»»
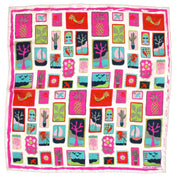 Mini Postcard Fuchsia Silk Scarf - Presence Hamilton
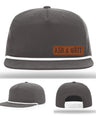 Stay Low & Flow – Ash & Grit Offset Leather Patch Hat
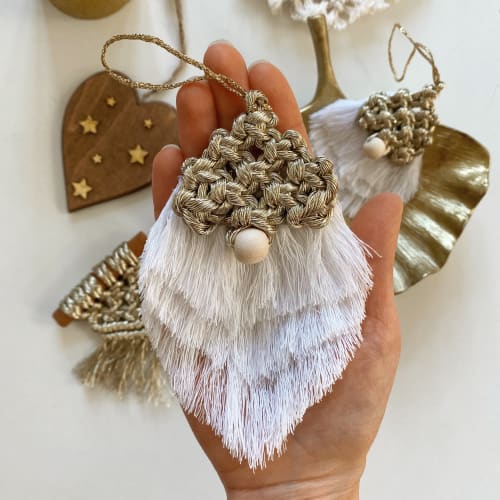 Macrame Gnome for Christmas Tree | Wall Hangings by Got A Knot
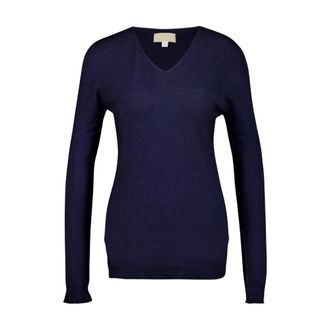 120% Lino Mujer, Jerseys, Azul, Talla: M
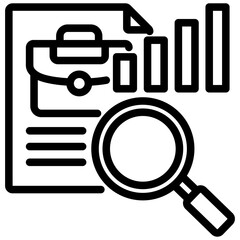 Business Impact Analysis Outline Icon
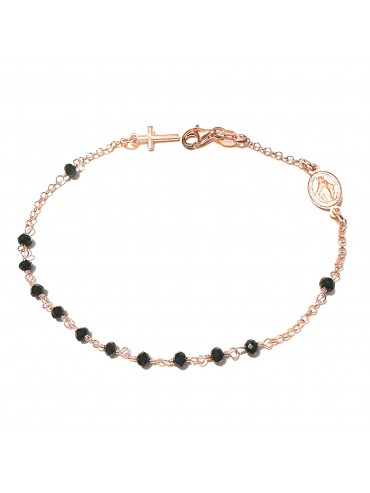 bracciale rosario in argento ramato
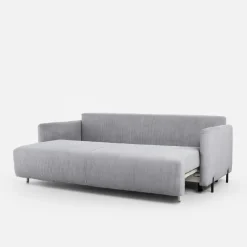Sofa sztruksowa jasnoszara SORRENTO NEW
««
»»
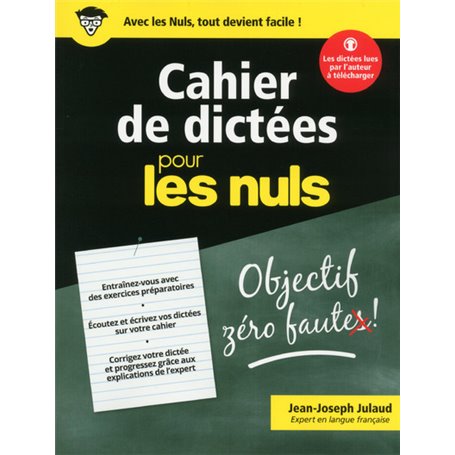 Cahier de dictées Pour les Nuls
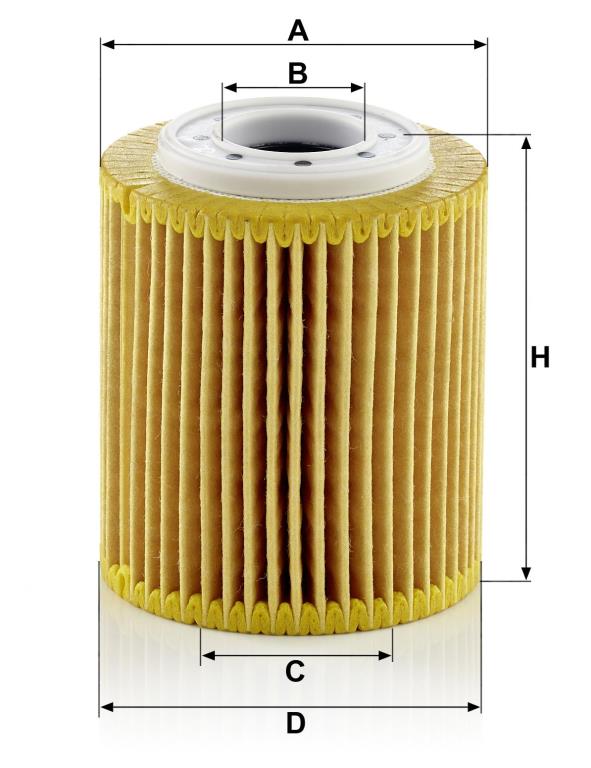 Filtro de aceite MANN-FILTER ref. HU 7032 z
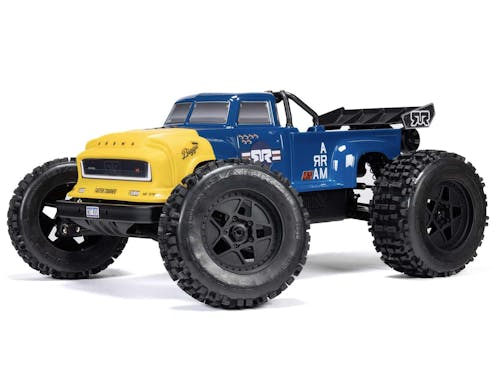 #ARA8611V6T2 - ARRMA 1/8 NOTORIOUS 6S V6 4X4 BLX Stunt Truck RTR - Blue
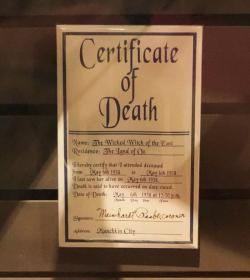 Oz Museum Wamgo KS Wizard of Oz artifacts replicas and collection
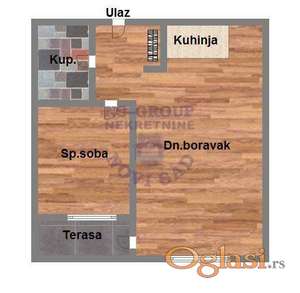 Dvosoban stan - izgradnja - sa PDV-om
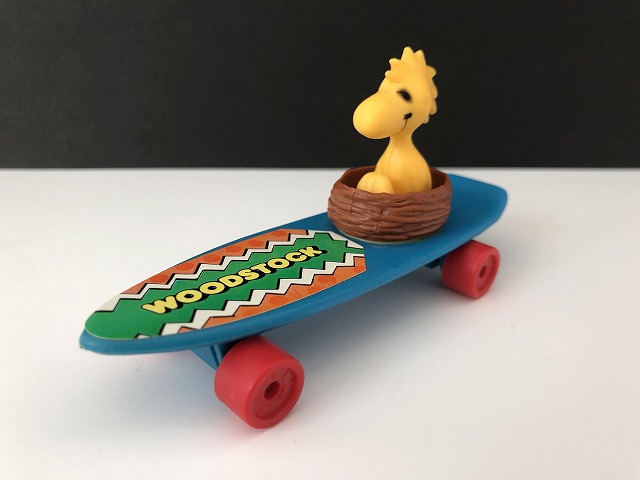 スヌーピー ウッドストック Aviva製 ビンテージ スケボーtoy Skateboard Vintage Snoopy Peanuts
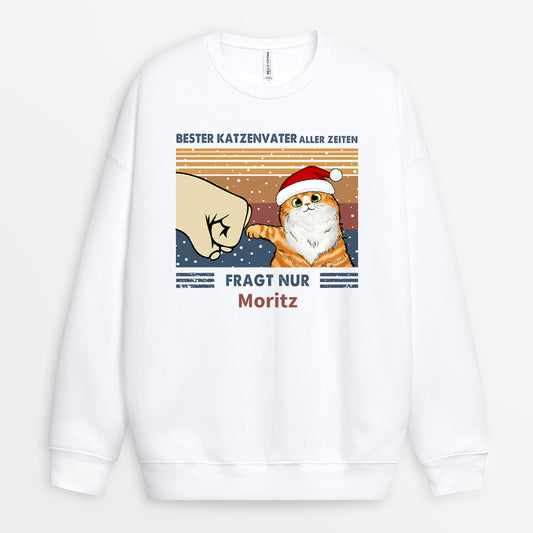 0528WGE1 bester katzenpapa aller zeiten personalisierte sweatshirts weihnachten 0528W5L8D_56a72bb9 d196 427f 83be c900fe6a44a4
««
»»
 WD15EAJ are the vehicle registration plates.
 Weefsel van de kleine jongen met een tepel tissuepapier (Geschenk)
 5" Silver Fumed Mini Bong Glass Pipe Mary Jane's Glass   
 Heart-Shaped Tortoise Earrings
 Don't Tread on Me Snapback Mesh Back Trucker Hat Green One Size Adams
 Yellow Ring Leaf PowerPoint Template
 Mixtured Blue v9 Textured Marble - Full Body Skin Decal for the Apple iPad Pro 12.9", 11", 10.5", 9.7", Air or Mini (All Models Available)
««
* [INSTRUCTIONS TO FOLLOW] In the records above, everything from the line with "Mini Postcard Fuchsia" down to the line with "Sofa sztruksowa jasnoszara SORRENTO NEW" is to be set down exactly, both ends included, with no pictures and no other lines.

* [SOLUTION TO THE PROBLEM]
 Mini Postcard Fuchsia Silk Scarf - Presence Hamilton
 Stay Low & Flow – Ash & Grit Offset Leather Patch Hat
 Macrame Gnome for Christmas Tree | Wall Hangings by Got A Knot
 120% Lino Mujer, Jerseys, Azul, Talla: M
 Business Impact Analysis Outline Icon
 bracciale rosario in argento ramato
Sofa sztruksowa jasnoszara SORRENTO NEW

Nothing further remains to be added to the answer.